Exercise prompt: Transcribe the records below exactly as they appear, omitting any pictures.

Captioned web images:
=== Section Start ===
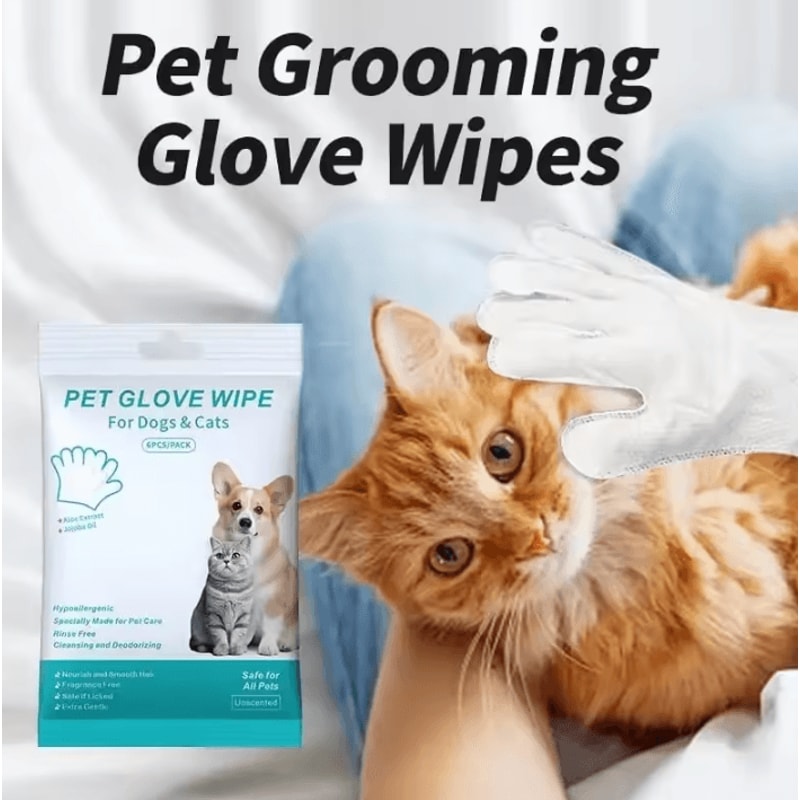 FreshPaws Extra Thick Pet Cleaning Wipes Gloves For Cats Dogs 1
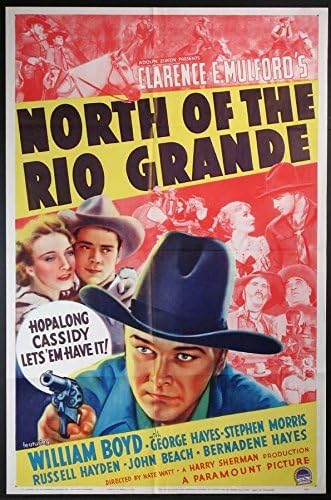 Sjeverno od Rio Grande Hopalong Cassidy 1937. Original One List 27x41 u blizini metvice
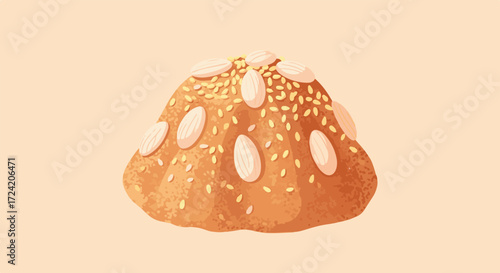 Delicious Almond-Topped Pastry A Sweet Treat, Featuring Sesame Seeds, for Culinary Enjoyment and Delight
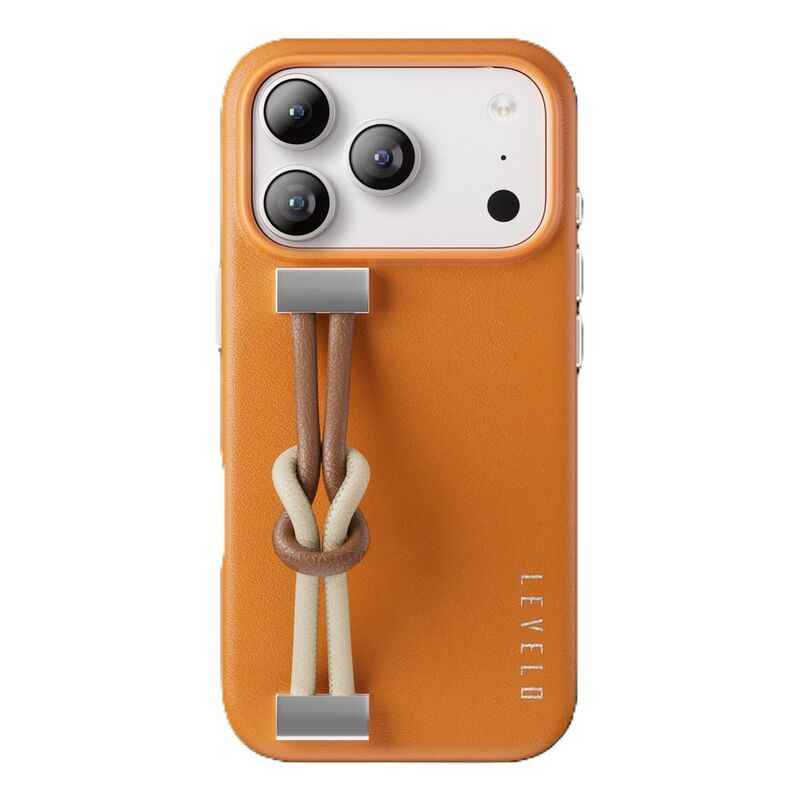 Levelo Polaris PU Leather Case For iPhone 17 Pro - Orange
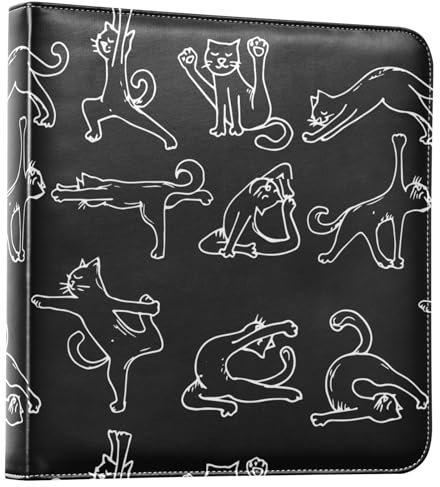 Fotoalbum Katze Yoga Schwarz Fotoalbum Bilderbuch für Fotos Selbstklebend Scrapbook Fotoalben Bilderalbum 15,2 x 20,3 cm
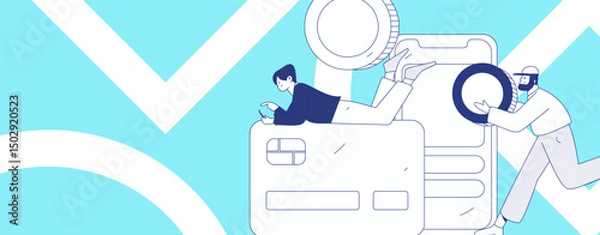 Obraz Online shopping payment security character flat vector concept operation hand drawn illustration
=== Section End ===
Answer section:
 FreshPaws Extra Thick Pet Cleaning Wipes Gloves For Cats Dogs 1
 Sjeverno od Rio Grande Hopalong Cassidy 1937. Original One List 27x41 u blizini metvice
 Delicious Almond-Topped Pastry A Sweet Treat, Featuring Sesame Seeds, for Culinary Enjoyment and Delight
 Levelo Polaris PU Leather Case For iPhone 17 Pro - Orange
 Fotoalbum Katze Yoga Schwarz Fotoalbum Bilderbuch für Fotos Selbstklebend Scrapbook Fotoalben Bilderalbum 15,2 x 20,3 cm
 Obraz Online shopping payment security character flat vector concept operation hand drawn illustration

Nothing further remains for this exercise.